The building dates from 1606, but has undergone significant alteration since and is a grade II listed building. It is the oldest still operating pub in Bristol, though while it was still operating the Llandoger Trow was of a similar age.

Since the 1980s the Hatchet has been known as one of Bristol's few alternative pubs hosting rock music upstairs. The pub has a pool room located upstairs as well as a venue which is used for clubs and can be hired for private bookings. There is a beer garden located on the side of the property, facing the O2 Academy venue.

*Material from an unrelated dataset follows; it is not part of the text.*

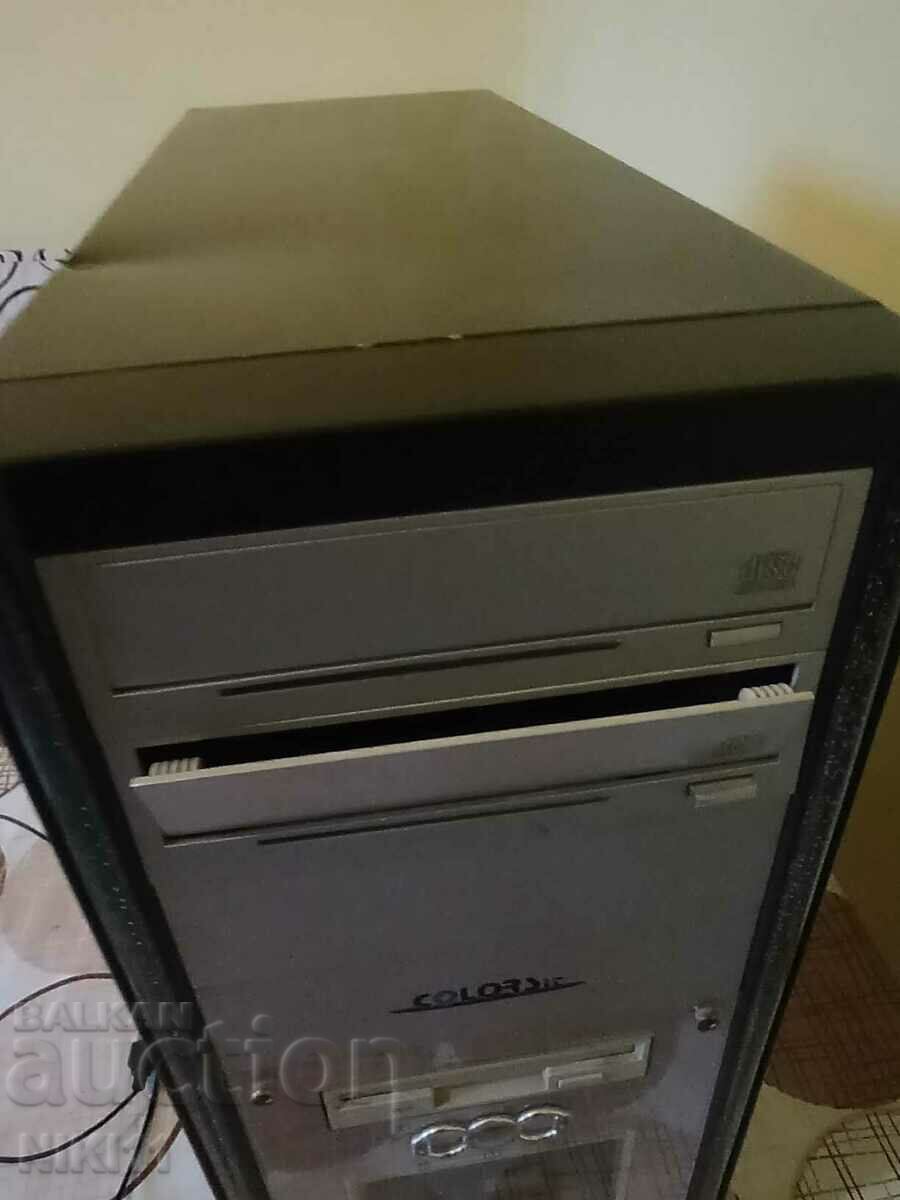 Desktop computer AMD Athlon 2200 1.9 GHz 1GB RAM CD, floppy - 6 Desktop computer AMD Athlon 2200 1.9 GHz 1GB RAM CD, floppy - 6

Located behind the pub was the old Cannon Cinema, which closed down in 2000. The building is now an Academy Night Club/gig venue where many well known bands have played.

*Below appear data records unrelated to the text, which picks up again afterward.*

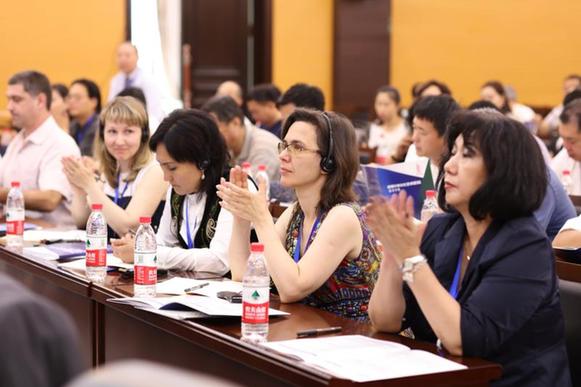 首届中俄文化艺术论坛在黑龙江大学召开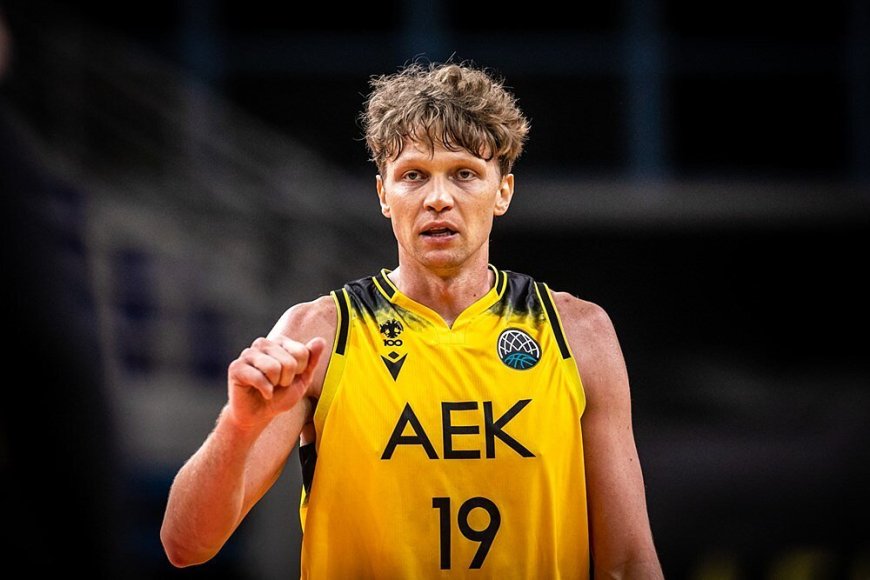 Čempionų lygos finalo ketvertą pasitinkantis Kuzminskas: tai yra kažkas ypatingo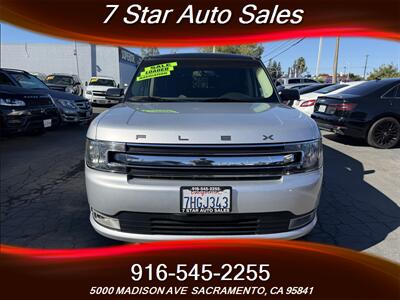 2014 Ford Flex SEL   - Photo 2 - Sacramento, CA 95841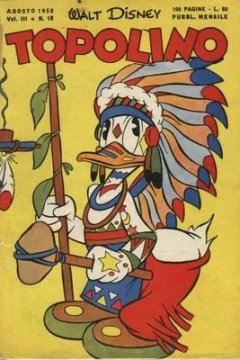 Topolino e l'aeroporto della città morta (p.2)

In the 18th century there was a rat pit at the rear of the building. In September 2006 the Hatchet celebrated its 400-year anniversary. The streets nearby were closed, staff and some regular customers dressed up in historic costumes.

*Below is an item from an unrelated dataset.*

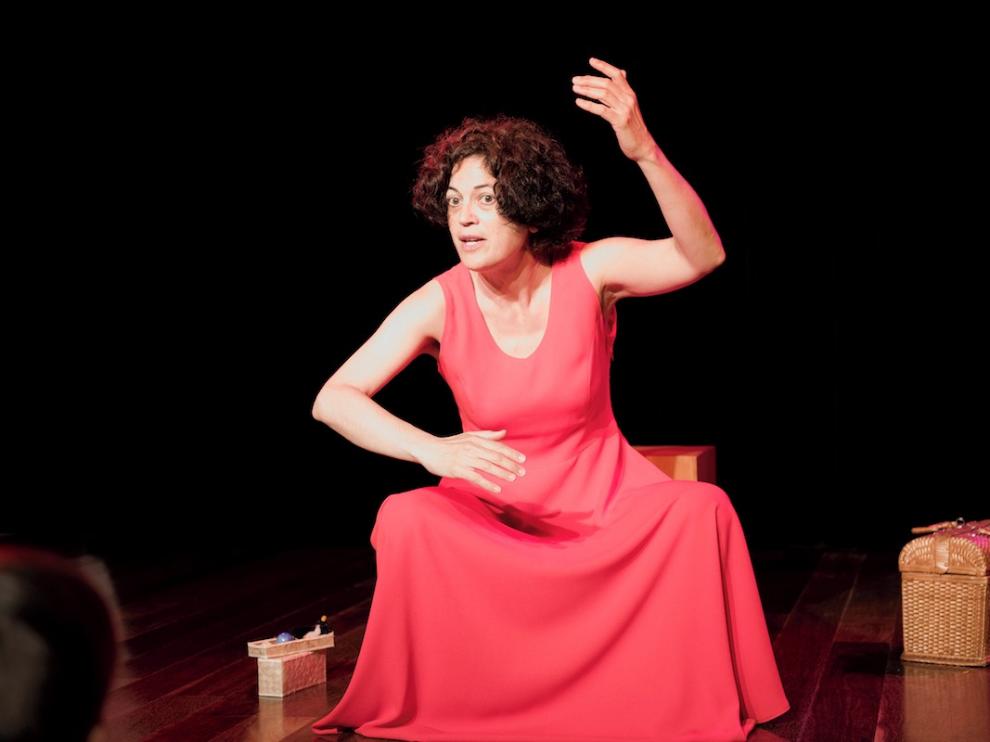 Cristina Verbena abre la segunda semana del festival Susurros en Fraga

The Hatchet was acquired by the Liberation Group (owners of Butcombe Brewery) in 2017 but was shut in March 2020 due to the first nationwide COVID-19 lockdown. Jon Bassett, owner of JW Bassett Pubs, signed a 20 year lease in May 2021 and spent £500,000 on renovations, before reopening The Hatchet to the general public on 28 June 2021.

== In popular culture ==
The Hatchet Inn is one of the locations in which the novel The Fair Fight by Anna Freeman is set. The Hatchet Inn is also the palace from where the pirate Samuel Bellamy started his trip from England to Cape Cod in Alexander De Chastelaine's novel Black Sam.

In local Bristol culture, there is an enduring urban legend that the wooden front door of the establishment is wrapped in human skin, under hundreds of years of paint.